Now, I have begun to amass the Rowan/Kaffe quilting/patchwork books. I love them too, though the commentary takes away from the overall effect- reality intruding on my dreaming. I do prefer to let my mind drift and imagine things as opposed to having it all explained to me.

As with both sets of books, they rate the experience level a person should have to undertake a project. With the knitting books, this never really bothered me, I simply ignored it. But now as I spend more time sewing, I find I pay attention to the stated difficulty level more. This bothers me immensely on two fronts. First, it bothers me that I pay attention to them and hear myself thinking “Oh, that has THREE stars, I couldn’t make that”. It is maddening to me and I consider this a flaw in my character. Second, closely tied to the first, is why bother rating them at all? If you tell somebody that something is difficult, then it IS difficult. Why not let me have at it and see where I end up. Maybe I will learn something new. With the boys, I really try to limit my telling them something is difficult. I will absolutely tell them it is dangerous (which will not stop them), and shy away from saying something is difficult (which will stop them).

If they insist on a rating system, don’t you think they could come up with a more encouraging one? How much Joy will this bring you? How many generations of your family will get to enjoy your beautiful creation? How special will the recipient feel when they receive your gift? How much will you learn or better how much your confidence in your abilities will be boosted? That is the kind of rating system I am interested in.

And this little baby, is a ten out of ten on the How much Joy will it bring you scale. I am smitten.

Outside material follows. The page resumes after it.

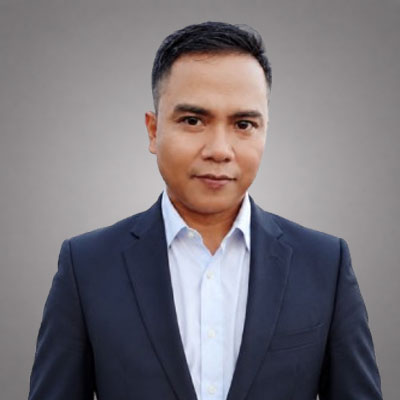 Yulianto Umar Rofii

Precision is not my forte. I would like to think it is my forte but, truly it is not. Craig, the Hubbalicious, however IS precision personified. If there are two different routes to a location, he will drive them each, time them and factor in the variables and always take the shorter of the two. Craig has a mathematical brain, whilst I have more of an artist brain. I rarely cook with a recipe, though I am having quite the Nigella moment over here. (I am of the opinion that Nigella is the Ann & Kay of the food world.)

When Craig and I were engaged, I was making scones one morning. As I chopped the nuts (which I had not measured),

Craig: “Um Honey, what are you doing?”

Me: “Adding hazelnuts.”

Craig:”You can’t add those!”

Me:”Why not?”

Craig: “They are not in the recipe!”

You get my point. So, many months ago I made a sample block with some fabric I had bought to make Angus a quilt. Over the long weekend, I picked the fabrics and cut roughly 596 pieces to make Angus a Barn Raising Log Cabin Quilt. I used my trusty Log Cabin Ruler. I will confess I had the niggling little thought- “Do I really want to cut these out all at once?” I cut, piled and got the cutting done. Then next day, I began to make the blocks. The were off. Worse, every time I added a new piece of fabric, it got worse. Each piece became consecutively longer and more off. I tried this about 5 times, with 5 different blocks. I was in deep despair.

What is a gal to do? Call in the Big Guns, that’s what. I grabbed the instructions, a quilting ruler and my beautiful but off block. Knock, knock, knock, Honey I really need your help. Craig, bless him, measured, figured, calculated, measured some more and then delivered the Bad News. 16ths, 8ths, some unconventional *cough* cutting methods and seam allowance had all conspired- it was hopeless. With the fabric I had cut, I couldn’t make the Log Cabin idea work. After I stopped being so upset and aggravated with myself, I decided to make Lemonade from Lemons as it were. I will sew all the strips together (I have a light and a dark for each length) and make something beautiful for my boy. Sigh. Yet again Precision kicks me in the rear.